• _About this task_
I'd like the full listing transcribed exactly, with no images included.

======== Material supplied

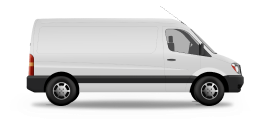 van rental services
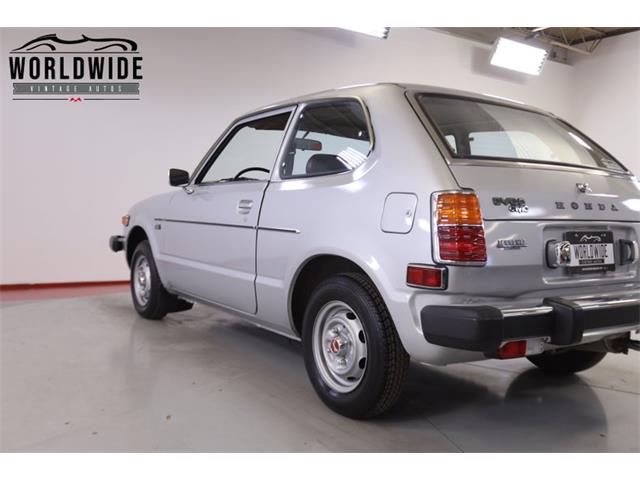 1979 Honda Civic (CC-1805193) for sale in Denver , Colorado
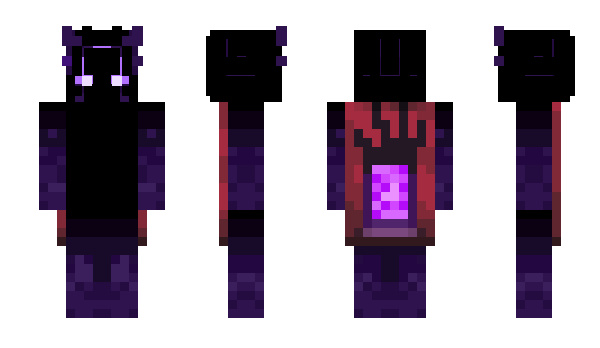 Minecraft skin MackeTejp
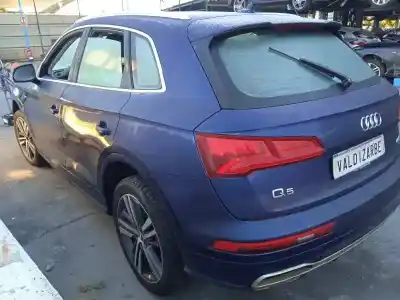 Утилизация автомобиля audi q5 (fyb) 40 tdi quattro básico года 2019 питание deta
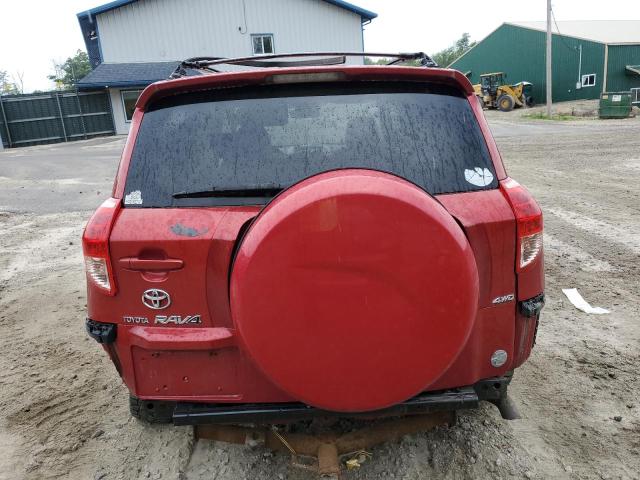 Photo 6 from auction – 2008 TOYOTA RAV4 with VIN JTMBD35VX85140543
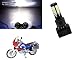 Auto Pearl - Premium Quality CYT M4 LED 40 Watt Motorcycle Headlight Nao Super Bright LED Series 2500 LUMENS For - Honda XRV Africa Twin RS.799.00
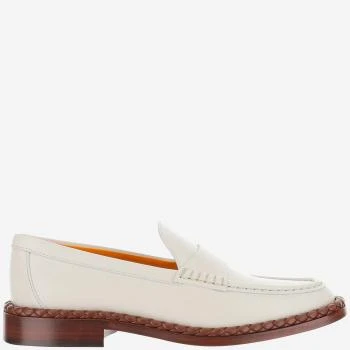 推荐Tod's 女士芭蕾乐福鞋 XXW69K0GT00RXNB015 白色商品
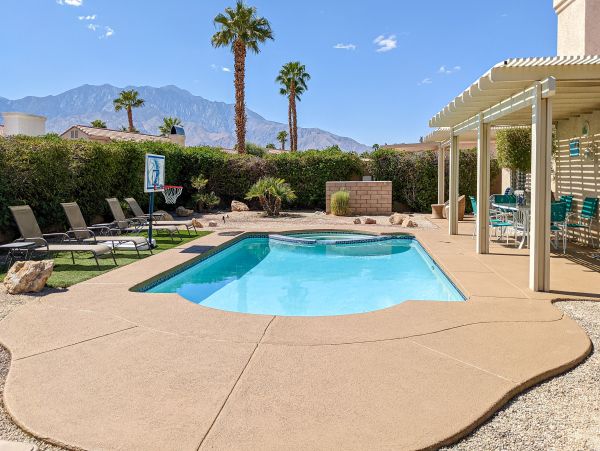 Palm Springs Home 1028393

================

• _Response for this exercise_
 van rental services
 1979 Honda Civic (CC-1805193) for sale in Denver , Colorado
 Minecraft skin MackeTejp
 Утилизация автомобиля audi q5 (fyb) 40 tdi quattro básico года 2019 питание deta
 Photo 6 from auction – 2008 TOYOTA RAV4 with VIN JTMBD35VX85140543
 Auto Pearl - Premium Quality CYT M4 LED 40 Watt Motorcycle Headlight Nao Super Bright LED Series 2500 LUMENS For - Honda XRV Africa Twin RS.799.00
 推荐Tod's 女士芭蕾乐福鞋 XXW69K0GT00RXNB015 白色商品
 Palm Springs Home 1028393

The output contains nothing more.